Occupy to beat fees

BRENDAN NELSON’S legislation to fundamentally restructure higher education along free market lines was passed on the final sitting day of the Senate in December.

The package was passed by a single vote due to a dirty deal between Education Minister, Brendan Nelson, One Nation’s Len Harris and the three Independents Meg Lees, Brian Harradine and Shayne Murphy.

HECS fees will be deregulated with universities given the power to increase HECS by 25 per cent. There will be a 40 per cent increase in cap on the number of full fee paying undergraduates.

It will become much easier for private institutions to be set up and receive public funding, the minister will get unprecedented powers to determine what sort of courses universities will be able to offer.

A seven-year limit has been imposed on how much HECS students can use.

The government was forced back-off on its demand that universities offer Australian Workplace Agreements to all their workers or face massive financial penalties.

Instead the deal says universities may offer individual contracts, but the logic of privatisation means this will be taken up by each management wherever they can.

The so-called extra funding in the package does not even maintain the status quo. It does not even fix up the indexation of university funding.

This means that in three or four years time when the HECS increases have been swallowed up the Vice-Chancellors will be back demanding the next increase in student fees.

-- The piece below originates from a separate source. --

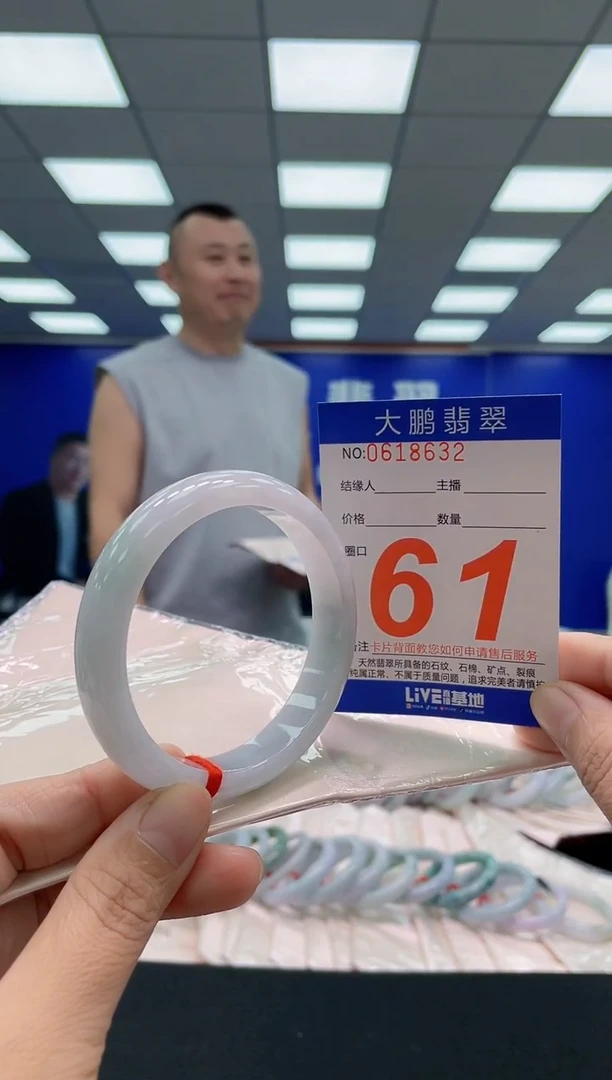 未镶嵌手镯翡翠AAAAAAAAA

The handful of funded places being created will not even meet demographic growth. Instead future growth of student places will come through full fee places.

We could have free tertiary education for a mere $1.8 billion extra a year. The Liberals have the money to fully fund higher education—they have a $7 billion budget surplus and plan to increase defence spending by over $50 billion.

The Nelson plan is essentially a rehash of Dr. Kemp’s 1999 leaked cabinet plan to restructure higher education along free market lines.

At the time it was opposed by virtually everyone—even the Vice Chancellors—and withdrawn.

However another four years of funding cuts have turned the Vice-Chancellors into fawning puppies. When it looked like the bill was on the brink of being voted down the Australian Vice-Chancellors’ Committee intervened and brokered a new deal between the Howard Government, One Nation and the independents.

The fight against the neo-liberal restructuring of universities now moves to a new phase.

Student delegates arriving for the NUS National Conference occupied the Department of Education offices while the vote was happening and there is a mood to fight on.

The NUS Conference will debate plans to fight the Vice-Chancellors campus by campus and to defeat the Howard Government in next year’s federal election.

We will kill it off at a campus level. We will make sure that it cannot be implemented, said NUS education officer, Liz Thompson.

NUS President, Daniel Kyriacou said You can expect a militant response to any move to increase fees next year. Nothing is out of the question as we campaign against this policy.

Socialists should be campaigning around the theme Education not Warfare to build a militant response on campuses, including occupations, to halt the Nelson and VC offensive.